I’m pretty sure we’re east of where the Rocky Mountains used to be.  I say used to be because what we flew over didn’t look like the Rocky Mountains I knew.  Or any other kind of mountain.  What we flew over looked more like the Badlands in Montana or Wyoming or wherever the Badlands are. (Martialla’s note – they’re in South Dakota) [No they aren’t Martialla, that’s too far east and quit messing with my journal!] The once mighty Rockies look like they’ve taken quite a spanking over the last century. 

What could cause such destruction to a mountain range?  I know that mountains, like actresses, don’t stay firm and perky and pointy forever but I thought it took take millions of years to grind them down.  Ten years is plenty for Hollywood to chew up a woman up and leave her a shattered wreck, but we’re just flesh and bone, a mountain range should be more resilient. 

Maybe “they” dropped a bomb on it, whoever they are.  Why anyone would want to kill a mountain is beyond me but a lot of things people do don’t make sense to me.  When we left I was worried that Martialla’s little plane wouldn’t be able to go over the mountains, or we’d by flying through canyons or something crazy like that, but it turned out to be no big deal – smooth sailing, er flying, right over what was left of them.  Until we got shot down I mean.  Actually I guess technically we didn’t get shot down, Martialla wrecked our own machine. 

Anyway, the mountain death isn’t the big deal here.  The big deal is that on the other side of the Rocky Badlands the land below turned from the brown and grey and black dirty filth color shot through with purple-bruises to . . . well, not green exactly, but a yellowish-green that looked you know, normal.  We landed the plane in an area that looked like a filming location for Dances with Wolves.  There were plants is what I’m saying.  Ugly and burr-y plants but they were recognizable as plants.  It was like a biome or an ecosystem or something. 

As we were standing around by the plane I was heard to remark “What the hell, why isn’t everyone living over here?  Why are they scrabbling around in the muddy shithole we just came from?” 

Lucien looked up from his precious map that he was trying to pin against Martialla’s wide manly shoulders and glanced around like he hadn’t even noticed the drastic change in scenery “Prairies don’t support much life unless you’re a chinch bug, until the introduction of the horse by Europeans indigenous people didn’t even live in the plains of Alberta, Saskatchewan, and Manitoba.” 

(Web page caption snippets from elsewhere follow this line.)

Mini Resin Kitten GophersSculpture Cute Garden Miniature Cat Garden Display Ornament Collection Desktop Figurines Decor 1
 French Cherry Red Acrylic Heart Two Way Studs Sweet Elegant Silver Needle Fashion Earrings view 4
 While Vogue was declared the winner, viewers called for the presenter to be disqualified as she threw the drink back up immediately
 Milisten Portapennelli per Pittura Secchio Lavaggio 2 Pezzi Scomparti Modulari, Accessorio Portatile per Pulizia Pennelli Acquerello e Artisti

“What about the sage and wise buffalo?  What about these things!” I waved my arms at the wooly rhino-elk-hippo creatures in the distance slowly swaying their way across the land like covered wagons. 

Martialla who was trying to hold the map across her flat and unwomanly chest opined “They kind of look like banthas.” 

Lucien had a confused look on his face “What’s a bantha?” 

Martialla responded as they both got the map under control “You never saw Star Wars?”

“The missile defense system?”

Martialla shook her head “No, the movie!  That’s terrible, so they’re on this desert planet where for some reason there’s big grazing animals there that . . .” 

“Shut up Martialla!” 

Lucien gave me a stern teacher look “There’s no need to be rude.  I don’t know the lifecycle of a buffalo or bantha but if people could live here they’d be here.” 

I don’t think that’s how it works at all.  Lucien is starting to annoy me almost as much as Martialla.  If there’s one thing I can’t abide it’s a know-it-all.  At least Paul is on my side, he was amazed by our surroundings like he had never seen anything like it before.  Which he probably hasn’t. 

I sat on the wheel of the plane’s landing gear and watched him looking around for a little while.  When I spoke to him he flinched like a scared rabbit.  This dude is weird, someone shoots at him and he doesn’t move a muscle – except to run at them and hack their lungs out with his machete – but when I talk to him he’s scared out of it wits. 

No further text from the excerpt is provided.